### Records shown
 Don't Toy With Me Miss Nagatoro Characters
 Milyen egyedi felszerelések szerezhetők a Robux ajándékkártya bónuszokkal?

---

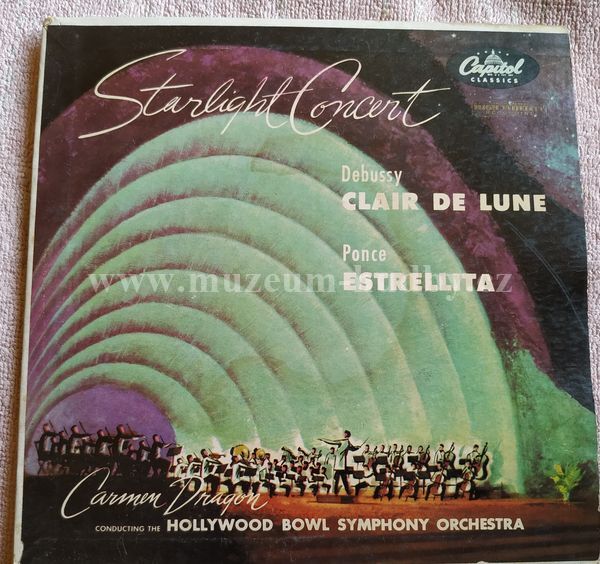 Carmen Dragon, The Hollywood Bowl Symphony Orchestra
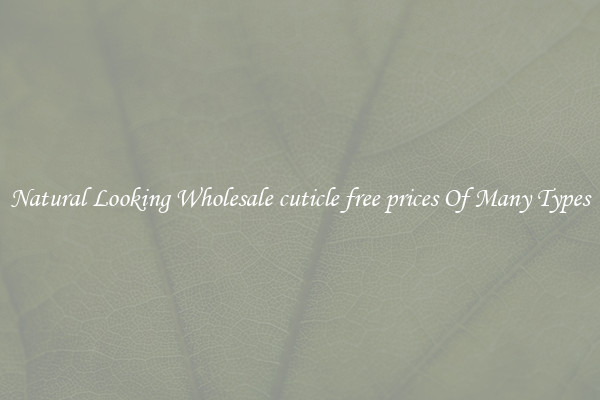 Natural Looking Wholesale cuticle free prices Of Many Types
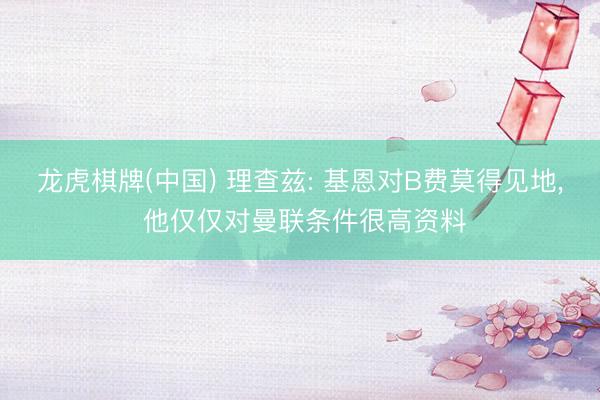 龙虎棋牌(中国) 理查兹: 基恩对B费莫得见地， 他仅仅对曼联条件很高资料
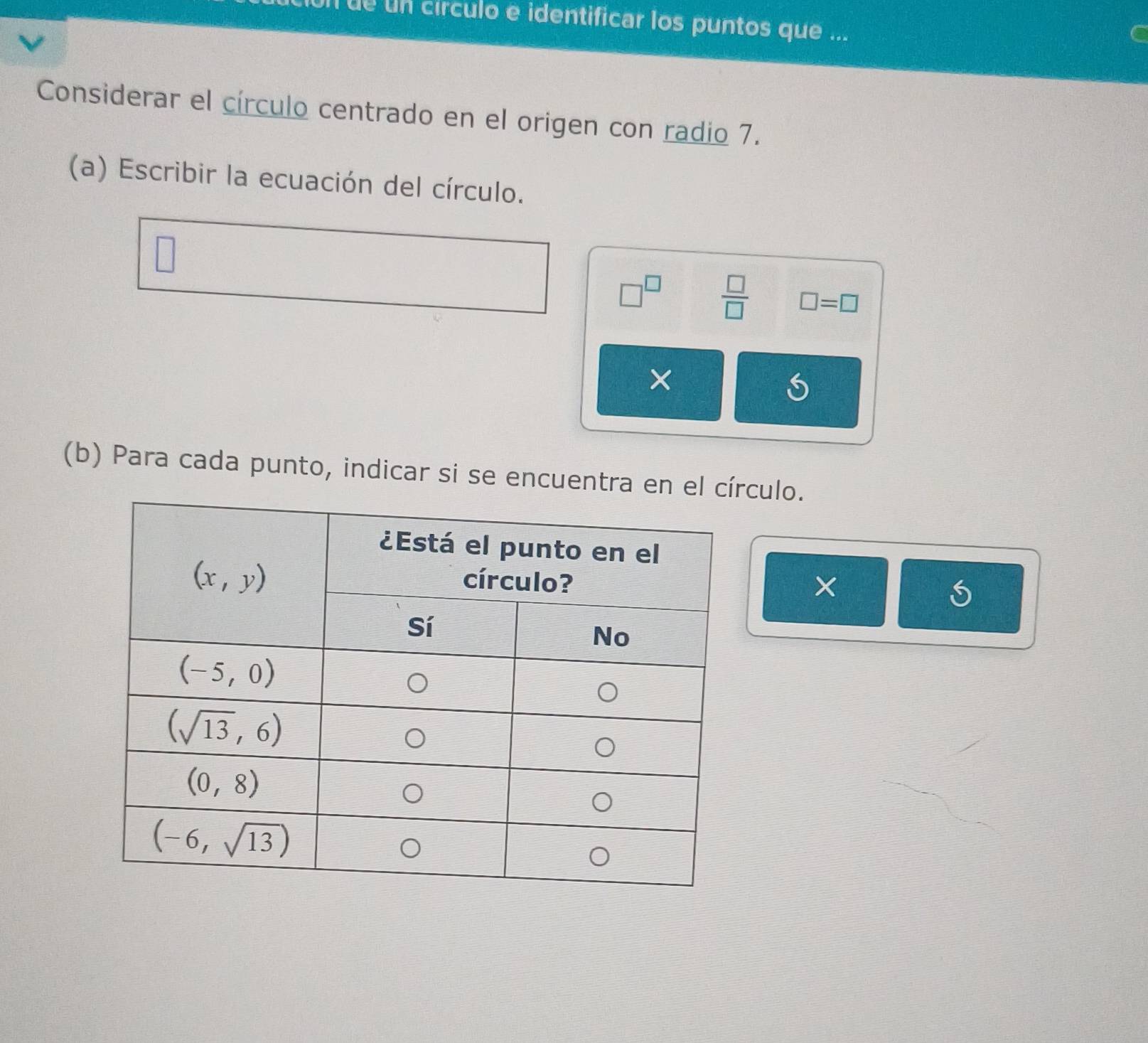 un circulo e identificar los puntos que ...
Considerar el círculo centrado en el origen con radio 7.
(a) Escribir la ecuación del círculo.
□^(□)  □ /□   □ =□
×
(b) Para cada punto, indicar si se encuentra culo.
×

### What this task involves
For each line in the entries that contains the string "círculo", make a copy.

### The completed task
Considerar el círculo centrado en el origen con radio 7.
(a) Escribir la ecuación del círculo.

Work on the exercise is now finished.